Nice, thanks blades.


----------



## Easy Livin’ 3000 (Dec 21, 2017)

FTG-05 said:


> Cellulose hands down.  Let's count the ways:
> 
> - Resistant to fire:  Cell (not even close)
> - Actually insulates vs just traps air:  Cell
> ...


Thanks FTG- I was hoping for a list just like this. Very valuable to readers.


----------



## begreen (Dec 21, 2017)

http://www.greenbuildingadvisor.com/blogs/dept/guest-blogs/fiberglass-versus-cellulose
http://www.ntcinsulation.com/the-insulation-lab/fiberglass-verses-cellulose-which-is-better


----------



## blades (Dec 21, 2017)

Only got the fire retardet chemical wrong- not bad as I read those articles or similar some where back in the 80's


----------



## FTG-05 (Dec 22, 2017)

ED 3000 said:


> Thanks FTG- I was hoping for a list just like this. Very valuable to readers.

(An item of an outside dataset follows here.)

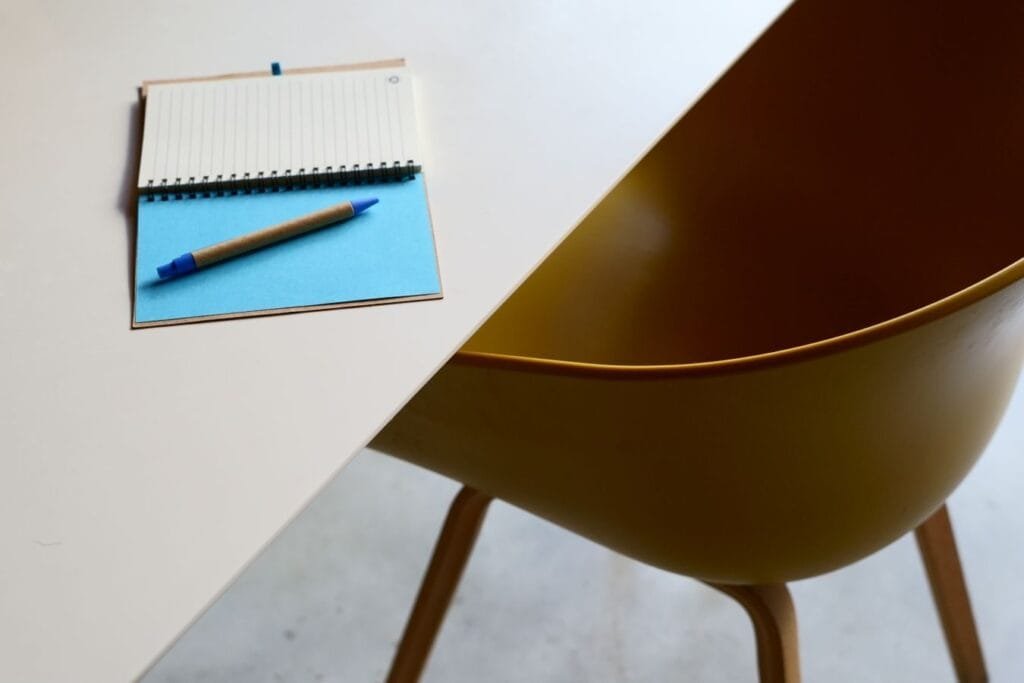 Sou MEI e contribuo. Tenho os mesmos direitos no INSS? 1 Minimalist workspace featuring a table, notebook, and modern yellow chair.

Please read the edit I made about air infiltration, I forgot about that, one of begreen's links reminded me.

Thanks!


----------



## blades (Dec 22, 2017)

I find playing with short little bits of glass strands  a heck of a lot more problematic than paper bits.  It is almost worse than a full blown case of poison Ivy or similar. Dang firberglass leavings wiggle there way thru anything.


----------



## FTG-05 (Dec 22, 2017)

I think one of the 5 greatest scams of the 20th century was Owens Corning taking a near worthless material (spun fiberglass) and turning it into a multi-billion dollar insulation business.  Kudos to them.

Still crap to use for insulation IMO.


----------